Well, this may not seem like a discussion of software debugging, but it really is. What Doyle is trying to say is that all software and hardware bugs WANT to be caught. In fact they want to be caught so badly, that they carefully lay clues for you as to their whereabouts. Perhaps Doyle meant to say something like the following:

As a debugger, it's your job to listen to those clues, put them together into a theory which can be tested, and test the theory against the software package. In every case, you will bat yourself on the brow and say to yourself, "Doh! Of course, how simple!". Because, when all is said and done, computers are pretty simple creatures and when they break there are pretty simple reasons. The Virtue of Nothingness Benjamin Hoff once revealed this interesting little story about Taoism and I suppose I might pass it along to you.

Benjamin, added, "An empty sort of mind is valuable for finding Perls and Tails and things because it can see what's in front of it. An Overstuffed mind is unable to." (Well he actually spelled it like "Pearls", but we know what he meant!)

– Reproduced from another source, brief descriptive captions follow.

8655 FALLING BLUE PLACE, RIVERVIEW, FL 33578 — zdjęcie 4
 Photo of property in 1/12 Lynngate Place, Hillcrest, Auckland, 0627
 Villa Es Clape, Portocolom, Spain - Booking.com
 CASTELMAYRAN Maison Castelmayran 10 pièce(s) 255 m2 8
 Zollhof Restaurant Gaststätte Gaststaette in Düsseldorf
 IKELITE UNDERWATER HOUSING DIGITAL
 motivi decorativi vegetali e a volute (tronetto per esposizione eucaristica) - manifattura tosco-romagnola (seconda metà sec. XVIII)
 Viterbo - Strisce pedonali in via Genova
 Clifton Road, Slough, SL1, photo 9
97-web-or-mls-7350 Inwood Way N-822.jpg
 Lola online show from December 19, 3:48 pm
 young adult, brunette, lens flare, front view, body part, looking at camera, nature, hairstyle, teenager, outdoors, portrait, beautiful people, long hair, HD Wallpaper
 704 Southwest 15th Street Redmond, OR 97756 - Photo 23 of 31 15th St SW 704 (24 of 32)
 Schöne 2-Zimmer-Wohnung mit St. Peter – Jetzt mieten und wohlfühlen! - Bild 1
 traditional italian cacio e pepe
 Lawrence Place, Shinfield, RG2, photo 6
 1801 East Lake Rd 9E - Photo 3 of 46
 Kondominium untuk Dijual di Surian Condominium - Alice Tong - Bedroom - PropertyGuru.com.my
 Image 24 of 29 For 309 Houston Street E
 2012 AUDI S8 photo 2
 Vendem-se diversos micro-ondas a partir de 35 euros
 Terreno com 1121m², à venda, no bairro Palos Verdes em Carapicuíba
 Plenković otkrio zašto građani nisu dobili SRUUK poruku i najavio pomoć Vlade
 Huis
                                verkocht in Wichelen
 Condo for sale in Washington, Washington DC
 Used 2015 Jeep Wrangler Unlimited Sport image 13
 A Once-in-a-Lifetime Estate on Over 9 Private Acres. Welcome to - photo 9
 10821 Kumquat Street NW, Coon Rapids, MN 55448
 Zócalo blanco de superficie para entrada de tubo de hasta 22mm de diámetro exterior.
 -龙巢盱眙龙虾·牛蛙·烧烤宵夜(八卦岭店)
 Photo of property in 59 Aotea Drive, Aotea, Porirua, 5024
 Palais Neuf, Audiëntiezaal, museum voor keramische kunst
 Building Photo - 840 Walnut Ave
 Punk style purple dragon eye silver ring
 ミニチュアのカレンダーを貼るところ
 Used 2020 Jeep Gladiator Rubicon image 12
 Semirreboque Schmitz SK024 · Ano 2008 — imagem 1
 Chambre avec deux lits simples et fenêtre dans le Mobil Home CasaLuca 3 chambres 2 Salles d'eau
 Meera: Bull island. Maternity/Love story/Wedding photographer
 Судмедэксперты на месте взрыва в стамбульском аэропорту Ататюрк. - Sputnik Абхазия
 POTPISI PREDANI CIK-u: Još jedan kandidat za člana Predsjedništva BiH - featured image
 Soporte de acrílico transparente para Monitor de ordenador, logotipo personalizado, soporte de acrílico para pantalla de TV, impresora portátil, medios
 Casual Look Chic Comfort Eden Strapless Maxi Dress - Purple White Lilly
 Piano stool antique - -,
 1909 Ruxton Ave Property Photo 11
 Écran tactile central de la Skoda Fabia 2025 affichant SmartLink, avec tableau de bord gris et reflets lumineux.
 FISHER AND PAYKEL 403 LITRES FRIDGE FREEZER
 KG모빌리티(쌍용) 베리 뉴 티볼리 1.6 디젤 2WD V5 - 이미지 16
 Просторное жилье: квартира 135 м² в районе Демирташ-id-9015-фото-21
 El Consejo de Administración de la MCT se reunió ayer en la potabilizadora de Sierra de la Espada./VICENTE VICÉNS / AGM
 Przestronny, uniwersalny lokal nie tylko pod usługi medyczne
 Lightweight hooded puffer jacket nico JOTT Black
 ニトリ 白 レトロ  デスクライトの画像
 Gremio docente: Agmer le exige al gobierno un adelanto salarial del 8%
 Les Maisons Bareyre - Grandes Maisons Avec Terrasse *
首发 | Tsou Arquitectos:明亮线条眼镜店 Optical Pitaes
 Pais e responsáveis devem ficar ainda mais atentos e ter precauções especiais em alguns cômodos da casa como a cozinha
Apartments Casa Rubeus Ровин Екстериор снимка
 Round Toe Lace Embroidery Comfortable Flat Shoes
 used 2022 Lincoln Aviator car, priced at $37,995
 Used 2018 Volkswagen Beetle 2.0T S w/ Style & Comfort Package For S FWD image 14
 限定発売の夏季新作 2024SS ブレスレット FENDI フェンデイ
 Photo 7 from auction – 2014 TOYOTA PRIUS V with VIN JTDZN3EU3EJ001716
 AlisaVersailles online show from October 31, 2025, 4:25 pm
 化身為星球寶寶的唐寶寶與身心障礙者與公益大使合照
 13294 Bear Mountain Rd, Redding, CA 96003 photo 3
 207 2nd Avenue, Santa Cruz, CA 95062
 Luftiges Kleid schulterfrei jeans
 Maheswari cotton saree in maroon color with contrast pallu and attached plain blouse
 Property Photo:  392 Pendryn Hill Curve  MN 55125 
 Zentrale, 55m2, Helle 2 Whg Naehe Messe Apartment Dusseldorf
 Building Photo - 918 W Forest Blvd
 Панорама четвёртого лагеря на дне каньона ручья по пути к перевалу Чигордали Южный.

What does this have to do with CGI debugging you ask? Well, it has everything to do with CGI debugging. CGI debugging is not a skill. It is not a thing you learn in school. It is not something that is particularly aided by FAQS, or books, or system administrators, or discussion boards.

CGI debugging is a state of mind.

If I have spent more than an hour on a problem I stop. Very few problems necessitate more than an hour to solve, so if I've been sitting there for an hour I can be sure that it is most likely that the problem I am having is not the bug, but me.

At this point, I turn off the monitor, light a candle and some incense, (which I always have a store of in my middle desk drawer) turn on some music, and lie on the floor and try to isolate instruments in the songs into their separate tracks.

Note: For debugging I recommend "Technotronic: The Best of Trance", anything by the Cocteau Twins or Enya, "Wish You Were Here" from Pink Floyd or "Kiss" from the Cure.)

I might even go out and walk around the block if it is warm and sunny...there happens to be a good climbing tree outside my work.

About 20 minutes later I should be ready to get back to work having achieved several crucial things.

Newtonian Methodology and the Nitty Gritty of Debugging Upon returning from the void, the first thing I do is to set aside the program and start by coding something really, really small.

You see, debugging is a Newtonian exersise. And in a Newtonian universe the best thing you can do is break everything up into the smallest pieces you can because the whole is going to be a summation of the parts and when you find the faulty part, you find the problem. (1) Starting with Hello World So, you should start by creating the most minimal CGI program you can so that you can determine what special traits your local executing environment has that might cause a more complex program to fall apart.

Try this little script which you might call hello_world.cgi....

#!/usr/local/bin/perl
print "Content-type: text/html\n\n";
print "Hello World";

Okay, now set the permission for this little script so that it is readable and executable by the web server. Typically, you will use the following command on a UNIX server...

chmod 755 hello_world.cgi (2)

Next, run the "hello world" script from your browser. You will probably need to access it with a URL something like the following:

http://www.yourdomain.com/cgi-bin/hello_world.cgi

Does it work? If not...

At this level, you can be pretty sure that if the "hello world" script did not run, it was because of one of the three reasons above. After all, there is not much that can be wrong with three lines of code! That is the reason that we are starting so small. We can get our teeth around this!

So I will assume that you've gotten this far and we can go on. Figuring out Where you are The next thing I do is to try to get my little script to talk to library files since most likely, I will be using cgi-lib.pl to interpret incoming form data. So one way or another, we will need our CGI script to be able to talk to other files. To do that, I will need to grab cgi-lib.pl. [typically for Perl 4--ed.] from the web and place it in a sub-directory called Library. The subdirectory should be readable and executable by the web server and cgi-lib.pl should be readable by the web server.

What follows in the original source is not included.